Assignment 6

In this assignment, you'll analyze a collection of data sets from the San Francisco Open Data Portal and Zillow. The data sets have been stored in the SQLite database sf_data.sqlite, which you can download here. The database contains the following tables:

Table Description
crime Crime reports dating back to 2010.
mobile_food_locations List of all locations where mobile food vendors sell.
mobile_food_permits List of all mobile food vendor permits. More details here.
mobile_food_schedule Schedules for mobile food vendors.
noise Noise complaints dating back to August 2015.
parking List of all parking lots.
parks List of all parks.
schools List of all schools.
zillow Zillow rent and housing statistics dating back to 1996. More details here.

The mobile_food_ tables are explicitly connected through the locationid and permit columns. The other tables are not connected, but you may be able to connect them using dates, latitude/longitude, or postal codes.

Shapefiles for US postal codes are available here. These may be useful for converting latitude/longitude to postal codes.

Shapefiles for San Francisco Neighborhoods are available here.

In [1]:
import sqlite3 as sql
import pandas as pd
%matplotlib inline
import matplotlib.pyplot as plt
from mpl_toolkits.basemap import Basemap
import numpy as np
import geopandas as gpd
plt.rcParams['figure.figsize'] = (12, 12)
import geocoder
from matplotlib.collections import PatchCollection
import shapely.geometry as geom
In [2]:
con = sql.connect('sf_data.sqlite')

Exercise 1.1. Which mobile food vendor(s) sells at the most locations?

In [3]:
# Join the mobile_food_ tables
vendors = pd.read_sql("SELECT FacilityType, Applicant, Address FROM mobile_food_schedule "
            "INNER JOIN mobile_food_locations ON mobile_food_schedule.locationid = mobile_food_locations.locationid "
            "INNER JOIN mobile_food_permits ON mobile_food_schedule.permit = mobile_food_permits.permit", con)
In [4]:
# Create a vendors table in the database
vendors.to_sql("vendors", con, if_exists = 'replace', index = False)
In [5]:
# Read the table from the database and count the distinct number of addresses in the table
vendors_loc = pd.read_sql("SELECT *, COUNT(distinct Address) AS Count FROM vendors GROUP BY Applicant", con)
In [6]:
# replace the previous table with a new one that has a column for counts

vendors_loc.to_sql("vendors", con, if_exists = 'replace', index = False)
In [7]:
final_vendor = pd.read_sql("SELECT *, SUM(Count) AS Sum_Count FROM vendors GROUP BY Applicant", con)
In [8]:
final_vendor.to_sql("vendors", con, if_exists = 'replace', index = False)
In [9]:
pd.read_sql("SELECT *, Max(Sum_Count) FROM vendors", con)
Out[9]:
FacilityType Applicant Address Count Sum_Count Max(Sum_Count)
0 Truck May Catering 1059 EVANS AVE 58 58 58

May Catering sells at the most locations.

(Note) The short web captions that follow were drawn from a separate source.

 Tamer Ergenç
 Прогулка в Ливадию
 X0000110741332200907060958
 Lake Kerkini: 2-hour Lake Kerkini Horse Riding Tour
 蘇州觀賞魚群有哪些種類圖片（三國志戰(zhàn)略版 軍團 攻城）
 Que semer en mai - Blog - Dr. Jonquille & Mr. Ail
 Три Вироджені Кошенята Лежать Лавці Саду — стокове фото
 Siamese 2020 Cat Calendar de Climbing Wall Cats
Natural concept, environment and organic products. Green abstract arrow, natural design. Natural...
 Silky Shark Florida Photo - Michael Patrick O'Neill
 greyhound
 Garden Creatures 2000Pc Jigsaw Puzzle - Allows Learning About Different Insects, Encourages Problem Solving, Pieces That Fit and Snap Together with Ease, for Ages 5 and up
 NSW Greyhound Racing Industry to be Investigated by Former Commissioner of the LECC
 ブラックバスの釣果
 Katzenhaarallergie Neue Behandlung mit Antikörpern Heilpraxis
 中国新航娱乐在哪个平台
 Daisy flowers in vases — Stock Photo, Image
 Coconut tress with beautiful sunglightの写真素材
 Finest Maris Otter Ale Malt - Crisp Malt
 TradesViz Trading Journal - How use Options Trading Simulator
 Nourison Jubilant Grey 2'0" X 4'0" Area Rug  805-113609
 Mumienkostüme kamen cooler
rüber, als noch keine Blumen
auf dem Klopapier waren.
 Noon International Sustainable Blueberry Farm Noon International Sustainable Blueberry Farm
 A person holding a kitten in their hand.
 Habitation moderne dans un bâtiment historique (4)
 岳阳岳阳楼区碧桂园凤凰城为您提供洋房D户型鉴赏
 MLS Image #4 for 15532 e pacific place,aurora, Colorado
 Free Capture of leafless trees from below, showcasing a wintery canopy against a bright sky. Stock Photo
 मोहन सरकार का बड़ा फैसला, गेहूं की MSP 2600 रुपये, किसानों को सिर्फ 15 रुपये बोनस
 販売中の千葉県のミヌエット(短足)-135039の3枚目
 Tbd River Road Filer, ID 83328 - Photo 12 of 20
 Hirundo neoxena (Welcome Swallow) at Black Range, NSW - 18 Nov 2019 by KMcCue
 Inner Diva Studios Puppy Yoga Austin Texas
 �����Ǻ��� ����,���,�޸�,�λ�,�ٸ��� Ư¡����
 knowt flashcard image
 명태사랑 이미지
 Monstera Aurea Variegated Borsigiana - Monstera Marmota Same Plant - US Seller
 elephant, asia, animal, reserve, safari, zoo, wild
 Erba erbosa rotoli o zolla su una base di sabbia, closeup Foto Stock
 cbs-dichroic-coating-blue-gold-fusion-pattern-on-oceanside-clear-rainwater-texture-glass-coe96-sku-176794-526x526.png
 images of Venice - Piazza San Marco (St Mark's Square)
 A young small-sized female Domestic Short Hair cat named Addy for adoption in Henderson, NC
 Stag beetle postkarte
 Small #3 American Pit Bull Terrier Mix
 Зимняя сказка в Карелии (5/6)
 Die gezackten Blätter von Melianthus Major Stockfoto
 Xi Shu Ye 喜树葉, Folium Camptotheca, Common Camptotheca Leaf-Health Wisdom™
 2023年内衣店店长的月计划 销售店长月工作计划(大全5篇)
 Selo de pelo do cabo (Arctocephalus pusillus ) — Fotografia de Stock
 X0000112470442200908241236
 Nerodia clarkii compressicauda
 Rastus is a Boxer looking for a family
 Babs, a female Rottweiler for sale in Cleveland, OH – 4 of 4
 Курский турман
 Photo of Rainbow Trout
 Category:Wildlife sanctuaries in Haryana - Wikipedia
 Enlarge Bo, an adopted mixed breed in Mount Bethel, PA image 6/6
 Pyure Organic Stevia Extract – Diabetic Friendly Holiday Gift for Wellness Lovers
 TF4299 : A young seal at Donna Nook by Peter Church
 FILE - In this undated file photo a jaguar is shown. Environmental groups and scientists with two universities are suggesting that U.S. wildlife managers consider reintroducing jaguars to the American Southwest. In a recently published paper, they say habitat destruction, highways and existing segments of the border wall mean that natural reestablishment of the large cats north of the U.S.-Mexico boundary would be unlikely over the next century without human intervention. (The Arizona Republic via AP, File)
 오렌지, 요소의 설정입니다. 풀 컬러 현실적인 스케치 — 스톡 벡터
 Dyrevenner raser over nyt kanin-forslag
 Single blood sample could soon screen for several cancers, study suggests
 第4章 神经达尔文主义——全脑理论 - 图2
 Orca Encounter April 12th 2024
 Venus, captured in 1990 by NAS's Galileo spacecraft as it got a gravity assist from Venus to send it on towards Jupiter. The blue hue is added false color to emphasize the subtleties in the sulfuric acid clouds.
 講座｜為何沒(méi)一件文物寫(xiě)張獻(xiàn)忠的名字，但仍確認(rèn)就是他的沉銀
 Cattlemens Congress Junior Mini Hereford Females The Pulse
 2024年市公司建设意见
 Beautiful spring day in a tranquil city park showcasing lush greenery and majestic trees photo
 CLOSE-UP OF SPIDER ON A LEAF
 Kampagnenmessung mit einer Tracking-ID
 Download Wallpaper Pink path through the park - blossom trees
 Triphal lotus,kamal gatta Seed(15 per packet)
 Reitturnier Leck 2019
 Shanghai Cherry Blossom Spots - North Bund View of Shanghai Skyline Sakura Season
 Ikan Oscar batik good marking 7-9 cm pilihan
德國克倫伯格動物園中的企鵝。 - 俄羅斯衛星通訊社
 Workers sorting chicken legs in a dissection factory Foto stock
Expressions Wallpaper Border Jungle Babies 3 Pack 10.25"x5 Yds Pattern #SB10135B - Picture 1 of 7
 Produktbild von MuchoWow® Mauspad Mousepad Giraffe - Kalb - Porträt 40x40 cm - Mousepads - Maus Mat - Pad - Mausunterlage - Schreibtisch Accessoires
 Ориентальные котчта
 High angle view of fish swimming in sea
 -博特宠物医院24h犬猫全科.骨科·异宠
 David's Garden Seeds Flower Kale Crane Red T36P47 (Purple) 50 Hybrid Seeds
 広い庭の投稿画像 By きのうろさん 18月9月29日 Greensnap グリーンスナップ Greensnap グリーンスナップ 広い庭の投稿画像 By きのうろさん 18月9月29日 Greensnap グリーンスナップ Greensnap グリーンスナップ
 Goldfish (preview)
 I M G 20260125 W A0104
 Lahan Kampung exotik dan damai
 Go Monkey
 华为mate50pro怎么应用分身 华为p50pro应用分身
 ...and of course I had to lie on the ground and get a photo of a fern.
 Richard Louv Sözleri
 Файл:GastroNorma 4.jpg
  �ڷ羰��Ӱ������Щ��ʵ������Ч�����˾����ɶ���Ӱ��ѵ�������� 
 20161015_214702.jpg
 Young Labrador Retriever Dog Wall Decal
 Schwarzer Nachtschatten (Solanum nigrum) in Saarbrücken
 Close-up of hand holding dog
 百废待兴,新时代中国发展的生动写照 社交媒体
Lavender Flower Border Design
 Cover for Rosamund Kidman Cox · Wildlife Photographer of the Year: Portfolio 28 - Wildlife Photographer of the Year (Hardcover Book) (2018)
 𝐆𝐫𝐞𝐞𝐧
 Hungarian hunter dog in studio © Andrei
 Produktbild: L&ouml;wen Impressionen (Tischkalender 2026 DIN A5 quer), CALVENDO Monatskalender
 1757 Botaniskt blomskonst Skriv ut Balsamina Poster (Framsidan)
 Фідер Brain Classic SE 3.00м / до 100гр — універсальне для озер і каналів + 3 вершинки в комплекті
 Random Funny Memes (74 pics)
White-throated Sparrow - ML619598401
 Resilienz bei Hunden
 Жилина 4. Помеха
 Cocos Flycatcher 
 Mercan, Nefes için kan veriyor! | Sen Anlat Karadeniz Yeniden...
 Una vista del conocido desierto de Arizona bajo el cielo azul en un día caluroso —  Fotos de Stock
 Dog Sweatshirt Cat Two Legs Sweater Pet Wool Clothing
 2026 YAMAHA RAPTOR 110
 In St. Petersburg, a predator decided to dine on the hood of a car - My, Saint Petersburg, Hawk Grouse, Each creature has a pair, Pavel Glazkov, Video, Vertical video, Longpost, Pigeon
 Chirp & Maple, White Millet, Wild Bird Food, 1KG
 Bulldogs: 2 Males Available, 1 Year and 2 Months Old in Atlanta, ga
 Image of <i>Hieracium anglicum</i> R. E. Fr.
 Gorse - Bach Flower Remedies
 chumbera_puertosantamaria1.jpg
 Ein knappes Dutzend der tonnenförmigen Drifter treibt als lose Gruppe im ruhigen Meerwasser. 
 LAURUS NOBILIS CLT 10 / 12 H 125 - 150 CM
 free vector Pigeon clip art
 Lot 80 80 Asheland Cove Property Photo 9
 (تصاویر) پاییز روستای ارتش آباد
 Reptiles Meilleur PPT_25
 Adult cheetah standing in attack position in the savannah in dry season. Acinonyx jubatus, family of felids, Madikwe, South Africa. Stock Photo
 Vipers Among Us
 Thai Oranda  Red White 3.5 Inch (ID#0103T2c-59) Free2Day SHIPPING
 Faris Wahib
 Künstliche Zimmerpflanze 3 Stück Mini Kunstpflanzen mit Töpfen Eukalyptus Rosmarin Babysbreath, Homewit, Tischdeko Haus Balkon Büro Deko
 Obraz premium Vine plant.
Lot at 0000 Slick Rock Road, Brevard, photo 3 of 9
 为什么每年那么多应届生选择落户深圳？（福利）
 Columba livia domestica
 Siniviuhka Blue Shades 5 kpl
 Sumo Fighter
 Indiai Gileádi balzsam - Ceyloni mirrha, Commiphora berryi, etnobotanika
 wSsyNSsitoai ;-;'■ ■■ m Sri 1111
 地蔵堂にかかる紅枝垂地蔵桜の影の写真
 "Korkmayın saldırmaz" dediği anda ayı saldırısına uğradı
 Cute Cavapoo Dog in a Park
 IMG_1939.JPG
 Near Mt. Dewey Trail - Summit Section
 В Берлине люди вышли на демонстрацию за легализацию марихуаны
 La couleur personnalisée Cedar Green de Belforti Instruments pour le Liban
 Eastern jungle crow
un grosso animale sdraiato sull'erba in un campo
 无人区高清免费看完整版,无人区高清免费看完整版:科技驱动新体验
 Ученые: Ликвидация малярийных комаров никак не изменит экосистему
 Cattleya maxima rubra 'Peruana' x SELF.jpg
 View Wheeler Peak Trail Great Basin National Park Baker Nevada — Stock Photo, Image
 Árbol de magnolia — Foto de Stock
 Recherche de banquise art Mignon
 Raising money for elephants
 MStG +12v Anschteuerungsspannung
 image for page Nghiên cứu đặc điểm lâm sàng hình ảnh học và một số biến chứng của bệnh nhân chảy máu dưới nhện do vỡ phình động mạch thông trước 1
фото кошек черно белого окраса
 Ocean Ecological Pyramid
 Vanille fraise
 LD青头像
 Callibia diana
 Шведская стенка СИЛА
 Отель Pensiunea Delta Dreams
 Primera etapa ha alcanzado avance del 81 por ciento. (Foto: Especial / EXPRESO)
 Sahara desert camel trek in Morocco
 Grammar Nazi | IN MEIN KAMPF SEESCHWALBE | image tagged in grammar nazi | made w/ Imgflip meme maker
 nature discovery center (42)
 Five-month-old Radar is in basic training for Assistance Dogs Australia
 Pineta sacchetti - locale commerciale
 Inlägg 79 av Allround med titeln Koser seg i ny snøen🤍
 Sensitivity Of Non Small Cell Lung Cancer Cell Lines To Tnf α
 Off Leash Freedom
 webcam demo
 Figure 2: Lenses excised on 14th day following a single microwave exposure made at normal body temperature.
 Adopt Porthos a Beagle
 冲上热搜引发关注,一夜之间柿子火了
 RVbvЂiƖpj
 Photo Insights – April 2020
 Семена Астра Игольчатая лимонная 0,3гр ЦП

Exercise 1.2. Ask and use the database to analyze 5 questions about San Francisco. For each question, write at least 150 words and support your answer with plots. Make a map for at least 2 of the 5 questions.

You should try to come up with some questions on your own, but these are examples of reasonable questions:

  • Which parts of the city are the most and least expensive?
  • Which parts of the city are the most dangerous (and at what times)?
  • Are noise complaints and mobile food vendors related?
  • What are the best times and places to find food trucks?
  • Is there a relationship between housing prices and any of the other tables?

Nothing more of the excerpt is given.